---------- Source data ----------
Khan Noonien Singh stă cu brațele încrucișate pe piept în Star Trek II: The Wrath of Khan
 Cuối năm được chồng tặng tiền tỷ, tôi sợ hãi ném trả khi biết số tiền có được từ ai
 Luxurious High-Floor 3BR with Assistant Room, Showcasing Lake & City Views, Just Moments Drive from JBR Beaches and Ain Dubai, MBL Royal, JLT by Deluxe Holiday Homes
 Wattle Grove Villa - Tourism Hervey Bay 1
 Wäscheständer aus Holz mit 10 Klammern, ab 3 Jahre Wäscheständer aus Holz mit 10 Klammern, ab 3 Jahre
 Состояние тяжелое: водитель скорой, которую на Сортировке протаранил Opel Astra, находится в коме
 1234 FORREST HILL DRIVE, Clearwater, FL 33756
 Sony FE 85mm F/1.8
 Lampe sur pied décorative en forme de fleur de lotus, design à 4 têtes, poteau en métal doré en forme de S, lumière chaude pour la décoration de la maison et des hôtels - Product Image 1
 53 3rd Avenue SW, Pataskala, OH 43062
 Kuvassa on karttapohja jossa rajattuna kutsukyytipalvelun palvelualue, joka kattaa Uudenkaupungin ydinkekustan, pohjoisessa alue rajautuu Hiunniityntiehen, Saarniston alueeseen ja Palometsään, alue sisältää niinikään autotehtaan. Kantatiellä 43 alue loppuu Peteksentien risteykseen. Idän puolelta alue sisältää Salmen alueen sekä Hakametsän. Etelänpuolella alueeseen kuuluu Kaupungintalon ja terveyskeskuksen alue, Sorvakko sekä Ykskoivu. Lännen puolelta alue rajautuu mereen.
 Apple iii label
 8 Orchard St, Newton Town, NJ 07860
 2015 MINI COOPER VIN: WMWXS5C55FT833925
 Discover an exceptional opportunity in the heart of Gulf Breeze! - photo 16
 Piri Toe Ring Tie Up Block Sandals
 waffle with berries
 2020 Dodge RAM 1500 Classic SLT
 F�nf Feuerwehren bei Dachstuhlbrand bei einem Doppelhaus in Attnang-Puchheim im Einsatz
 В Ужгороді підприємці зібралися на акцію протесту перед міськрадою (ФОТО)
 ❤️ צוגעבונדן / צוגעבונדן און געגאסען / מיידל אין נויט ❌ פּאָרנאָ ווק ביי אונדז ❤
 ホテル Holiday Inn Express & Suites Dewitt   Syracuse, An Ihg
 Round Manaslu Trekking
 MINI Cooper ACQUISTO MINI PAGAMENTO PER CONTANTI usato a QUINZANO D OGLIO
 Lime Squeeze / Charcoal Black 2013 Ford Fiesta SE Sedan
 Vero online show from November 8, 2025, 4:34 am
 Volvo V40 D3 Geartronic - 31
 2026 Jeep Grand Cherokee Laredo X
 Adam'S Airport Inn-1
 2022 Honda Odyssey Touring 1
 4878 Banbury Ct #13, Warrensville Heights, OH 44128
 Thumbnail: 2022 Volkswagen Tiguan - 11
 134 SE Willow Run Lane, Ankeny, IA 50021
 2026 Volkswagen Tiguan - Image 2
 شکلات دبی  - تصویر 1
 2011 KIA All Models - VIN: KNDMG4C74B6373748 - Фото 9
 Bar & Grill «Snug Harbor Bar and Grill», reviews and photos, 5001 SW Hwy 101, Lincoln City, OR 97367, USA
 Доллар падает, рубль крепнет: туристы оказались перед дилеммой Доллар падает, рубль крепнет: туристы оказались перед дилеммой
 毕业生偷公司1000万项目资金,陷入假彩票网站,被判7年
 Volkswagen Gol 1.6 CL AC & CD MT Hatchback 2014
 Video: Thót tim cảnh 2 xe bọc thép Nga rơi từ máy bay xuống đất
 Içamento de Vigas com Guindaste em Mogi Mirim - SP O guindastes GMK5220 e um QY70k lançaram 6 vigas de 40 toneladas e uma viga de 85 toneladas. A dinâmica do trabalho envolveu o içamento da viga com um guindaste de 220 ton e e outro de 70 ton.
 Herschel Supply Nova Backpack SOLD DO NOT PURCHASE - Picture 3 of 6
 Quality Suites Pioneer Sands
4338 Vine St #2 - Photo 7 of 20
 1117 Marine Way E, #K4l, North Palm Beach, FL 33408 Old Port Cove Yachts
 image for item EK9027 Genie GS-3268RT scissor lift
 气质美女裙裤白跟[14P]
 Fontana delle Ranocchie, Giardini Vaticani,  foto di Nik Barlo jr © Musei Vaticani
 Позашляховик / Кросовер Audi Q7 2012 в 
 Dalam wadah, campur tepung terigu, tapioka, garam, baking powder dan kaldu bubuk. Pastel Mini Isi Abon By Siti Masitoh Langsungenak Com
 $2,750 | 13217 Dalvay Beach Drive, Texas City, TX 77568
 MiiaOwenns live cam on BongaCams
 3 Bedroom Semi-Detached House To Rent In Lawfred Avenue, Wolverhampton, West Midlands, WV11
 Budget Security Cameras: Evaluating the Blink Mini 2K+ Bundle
----------
> _What you should do_:
Output each entry precisely as given.

> _Solution_:
Khan Noonien Singh stă cu brațele încrucișate pe piept în Star Trek II: The Wrath of Khan
 Cuối năm được chồng tặng tiền tỷ, tôi sợ hãi ném trả khi biết số tiền có được từ ai
 Luxurious High-Floor 3BR with Assistant Room, Showcasing Lake & City Views, Just Moments Drive from JBR Beaches and Ain Dubai, MBL Royal, JLT by Deluxe Holiday Homes
 Wattle Grove Villa - Tourism Hervey Bay 1
 Wäscheständer aus Holz mit 10 Klammern, ab 3 Jahre Wäscheständer aus Holz mit 10 Klammern, ab 3 Jahre
 Состояние тяжелое: водитель скорой, которую на Сортировке протаранил Opel Astra, находится в коме
 1234 FORREST HILL DRIVE, Clearwater, FL 33756
 Sony FE 85mm F/1.8
 Lampe sur pied décorative en forme de fleur de lotus, design à 4 têtes, poteau en métal doré en forme de S, lumière chaude pour la décoration de la maison et des hôtels - Product Image 1
 53 3rd Avenue SW, Pataskala, OH 43062
 Kuvassa on karttapohja jossa rajattuna kutsukyytipalvelun palvelualue, joka kattaa Uudenkaupungin ydinkekustan, pohjoisessa alue rajautuu Hiunniityntiehen, Saarniston alueeseen ja Palometsään, alue sisältää niinikään autotehtaan. Kantatiellä 43 alue loppuu Peteksentien risteykseen. Idän puolelta alue sisältää Salmen alueen sekä Hakametsän. Etelänpuolella alueeseen kuuluu Kaupungintalon ja terveyskeskuksen alue, Sorvakko sekä Ykskoivu. Lännen puolelta alue rajautuu mereen.
 Apple iii label
 8 Orchard St, Newton Town, NJ 07860
 2015 MINI COOPER VIN: WMWXS5C55FT833925
 Discover an exceptional opportunity in the heart of Gulf Breeze! - photo 16
 Piri Toe Ring Tie Up Block Sandals
 waffle with berries
 2020 Dodge RAM 1500 Classic SLT
 F�nf Feuerwehren bei Dachstuhlbrand bei einem Doppelhaus in Attnang-Puchheim im Einsatz
 В Ужгороді підприємці зібралися на акцію протесту перед міськрадою (ФОТО)
 ❤️ צוגעבונדן / צוגעבונדן און געגאסען / מיידל אין נויט ❌ פּאָרנאָ ווק ביי אונדז ❤
 ホテル Holiday Inn Express & Suites Dewitt   Syracuse, An Ihg
 Round Manaslu Trekking
 MINI Cooper ACQUISTO MINI PAGAMENTO PER CONTANTI usato a QUINZANO D OGLIO
 Lime Squeeze / Charcoal Black 2013 Ford Fiesta SE Sedan
 Vero online show from November 8, 2025, 4:34 am
 Volvo V40 D3 Geartronic - 31
 2026 Jeep Grand Cherokee Laredo X
 Adam'S Airport Inn-1
 2022 Honda Odyssey Touring 1
 4878 Banbury Ct #13, Warrensville Heights, OH 44128
 Thumbnail: 2022 Volkswagen Tiguan - 11
 134 SE Willow Run Lane, Ankeny, IA 50021
 2026 Volkswagen Tiguan - Image 2
 شکلات دبی  - تصویر 1
 2011 KIA All Models - VIN: KNDMG4C74B6373748 - Фото 9
 Bar & Grill «Snug Harbor Bar and Grill», reviews and photos, 5001 SW Hwy 101, Lincoln City, OR 97367, USA
 Доллар падает, рубль крепнет: туристы оказались перед дилеммой Доллар падает, рубль крепнет: туристы оказались перед дилеммой
 毕业生偷公司1000万项目资金,陷入假彩票网站,被判7年
 Volkswagen Gol 1.6 CL AC & CD MT Hatchback 2014
 Video: Thót tim cảnh 2 xe bọc thép Nga rơi từ máy bay xuống đất
 Içamento de Vigas com Guindaste em Mogi Mirim - SP O guindastes GMK5220 e um QY70k lançaram 6 vigas de 40 toneladas e uma viga de 85 toneladas. A dinâmica do trabalho envolveu o içamento da viga com um guindaste de 220 ton e e outro de 70 ton.
 Herschel Supply Nova Backpack SOLD DO NOT PURCHASE - Picture 3 of 6
 Quality Suites Pioneer Sands
4338 Vine St #2 - Photo 7 of 20
 1117 Marine Way E, #K4l, North Palm Beach, FL 33408 Old Port Cove Yachts
 image for item EK9027 Genie GS-3268RT scissor lift
 气质美女裙裤白跟[14P]
 Fontana delle Ranocchie, Giardini Vaticani,  foto di Nik Barlo jr © Musei Vaticani
 Позашляховик / Кросовер Audi Q7 2012 в 
 Dalam wadah, campur tepung terigu, tapioka, garam, baking powder dan kaldu bubuk. Pastel Mini Isi Abon By Siti Masitoh Langsungenak Com
 $2,750 | 13217 Dalvay Beach Drive, Texas City, TX 77568
 MiiaOwenns live cam on BongaCams
 3 Bedroom Semi-Detached House To Rent In Lawfred Avenue, Wolverhampton, West Midlands, WV11
 Budget Security Cameras: Evaluating the Blink Mini 2K+ Bundle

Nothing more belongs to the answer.